● Task details
Type out the complete listing below word for word, without its pictures.

● Data below

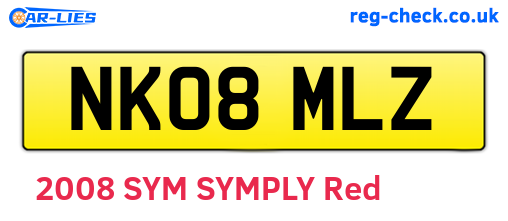 NK08MLZ are the vehicle registration plates.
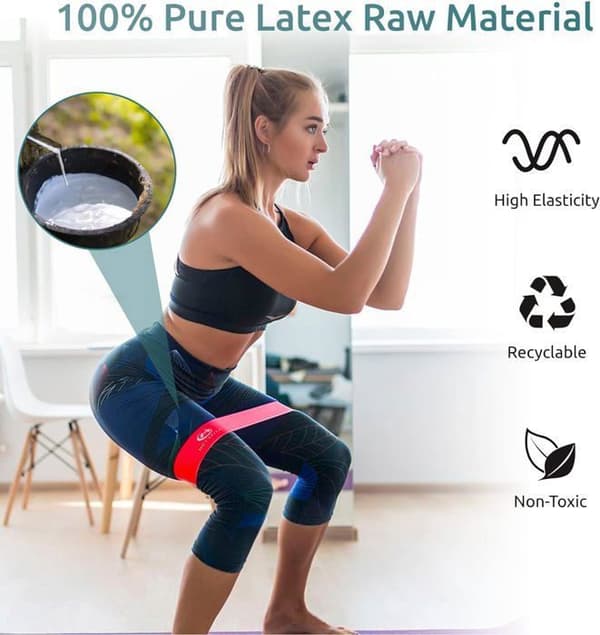 Bande Elastisk Muskulär Motstånd 5 Elastiska Band Fitness Anpassat för Yoga Pilates med Instruktionsmanual och Väska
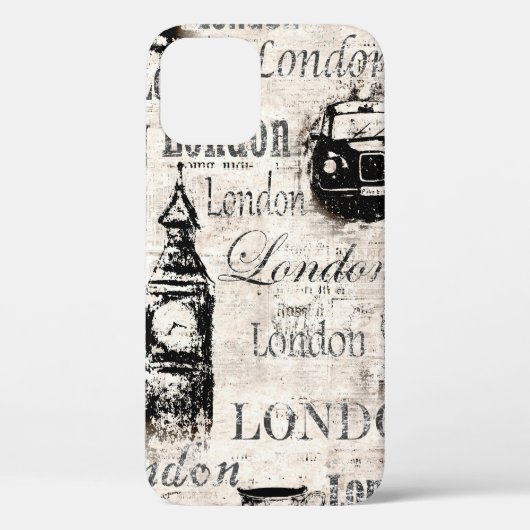  oud krantenartikel London grunge collage Case-Mate iPhone Case (Achterkant)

● Solution to this task
 NK08MLZ are the vehicle registration plates.
 Bande Elastisk Muskulär Motstånd 5 Elastiska Band Fitness Anpassat för Yoga Pilates med Instruktionsmanual och Väska
  oud krantenartikel London grunge collage Case-Mate iPhone Case (Achterkant)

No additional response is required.